“Tell her”
“Sometimes, when the light dims and the shadows grow, it seems to me that I’ve been walking these streets for years and years without end, a whole century, that I know every tree, every puddle, every house, I walk with my eyes closed, I’m a street now, too, now empty, now full, now light, now dark, to find the street you have to become a street, yes, but is a street a street if you don’t walk it, is a candle a candle if it doesn’t light, is a knife a knife if it doesn’t cut?
Tell her I love you very much and I won’t do it again.”
A courier wanders around the modern city.
From one delivery to another, she roams snow-covered mountains and silver seas, in parks, squares and endless streets. She goes in and out of maisonettes, villas, apartment buildings. She makes deliveries to good and bad people, rude and kind, tortured and pampered – to people who seem ready to cry and others who seem not to know what crying is.
How much pain and how much loneliness can modern man bear?
Very often, she sits next to them and listens to them. Other times it is as if she is listening to the city itself.

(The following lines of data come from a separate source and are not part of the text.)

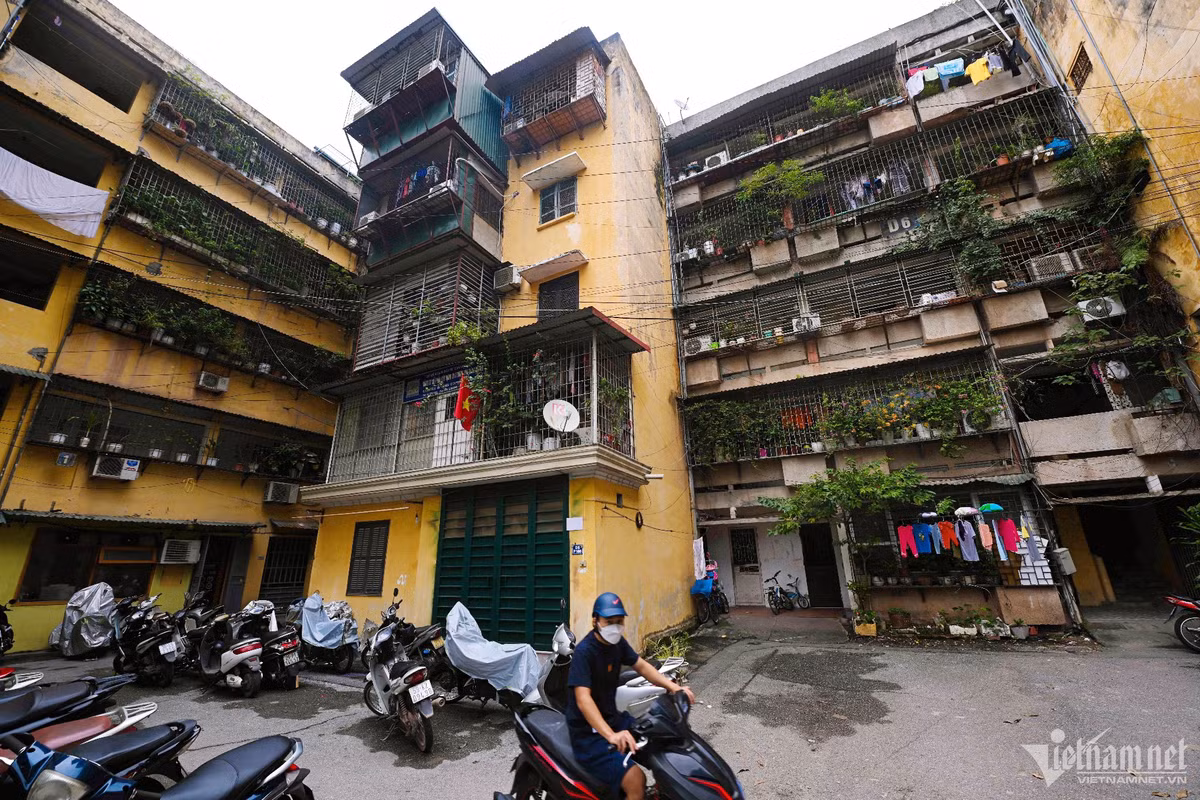 Bởi thế mà tất cả căn tập thể tại đây đều có "chuồng cọp". Mỗi nhà lấn ra ngoài khoảng không một lượng diện tích nhất định. Có những vị trí cứ càng lên cao số centimet cơi nới lại càng được tăng thêm.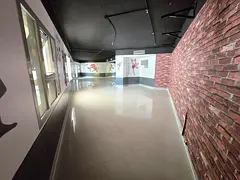 Front Of Metro | Chiller Free | Prime Location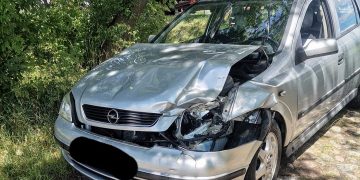 Kolizja dwóch samochodów na krajówce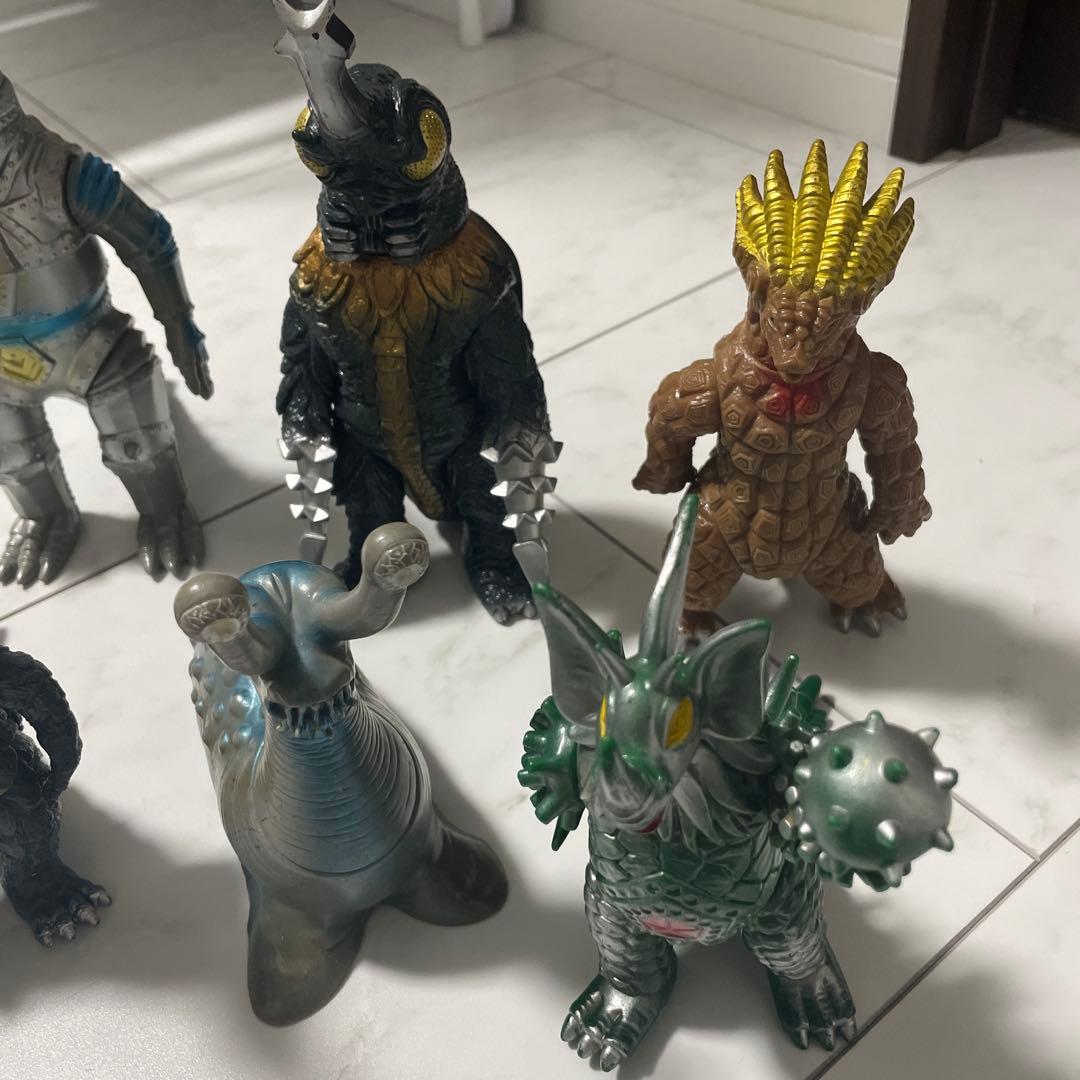 東宝怪獣フィギュア ソフビ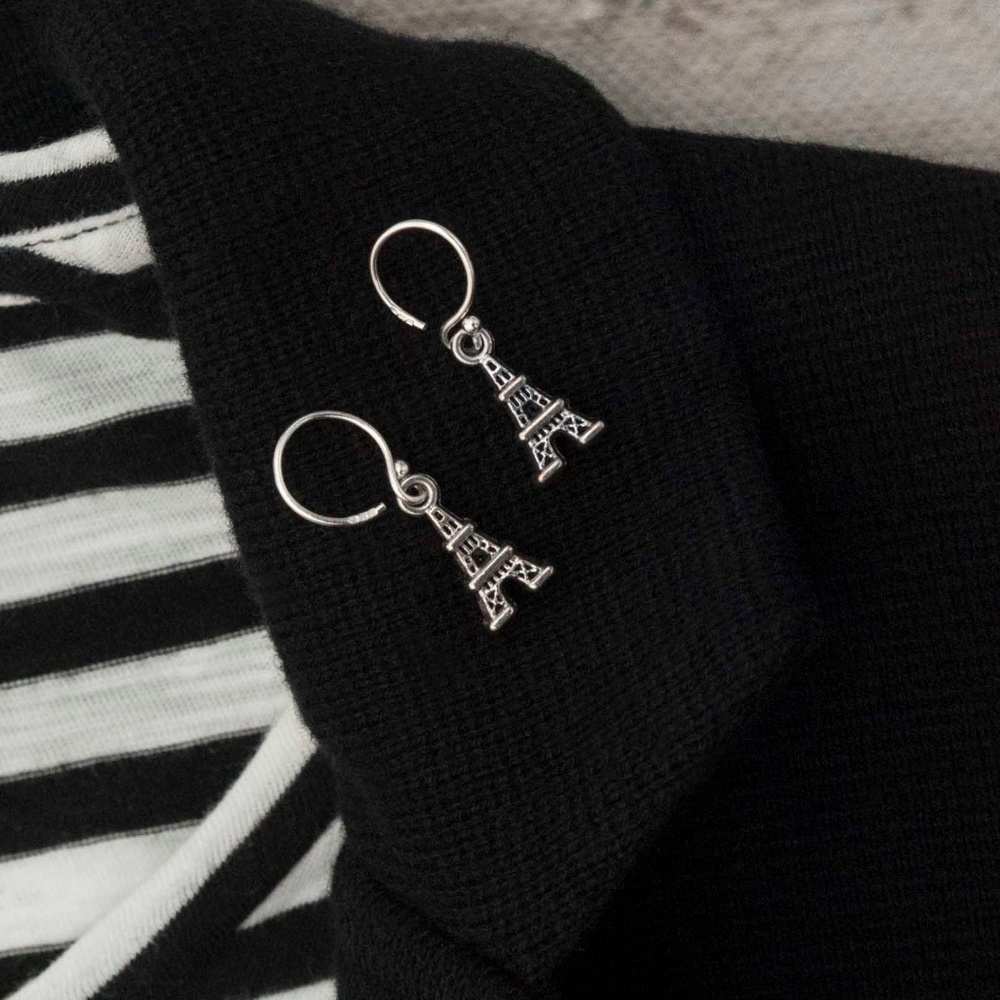 French Minimalist Eiffel Tower Earrings -sensitive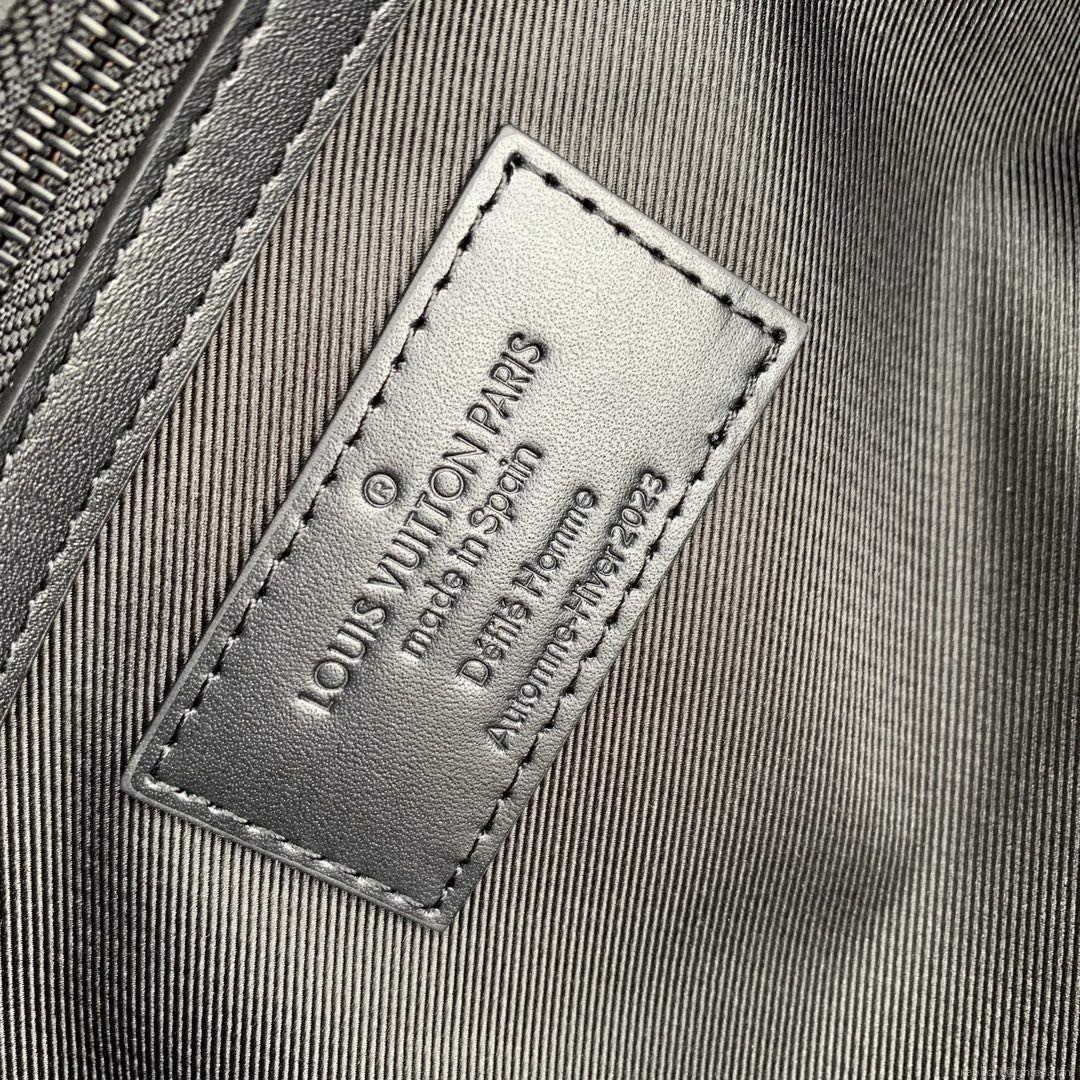 LV M23174 Louis Vuitton Keepall Bandoulière 50 Bag Gradient Electric Sun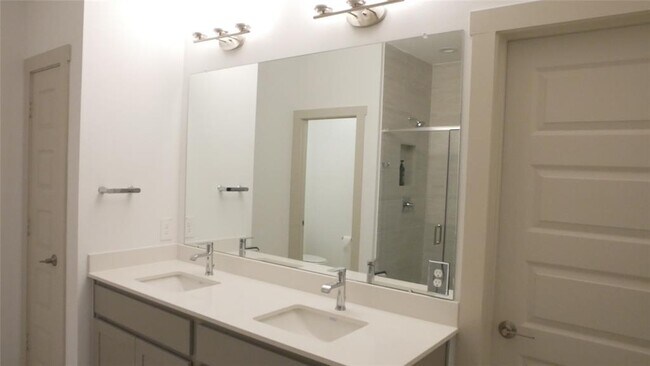 Building Photo - 29506 Red Rocks Pk Dr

Every tree, every puddle, every house, every street, every door that opens seems to hold a new story.
Following his heroine on her races, entering houses and courtyards with her, listening to and recording the stories she listens, Christos Economou composes a mosaic of hundreds of micro-narratives – a multifaceted portrait of contemporary Athens, through the eyes of a worker in the modern delivery economy and applications.
But where does reality begin and fantasy end?
*The performance is in the greek language.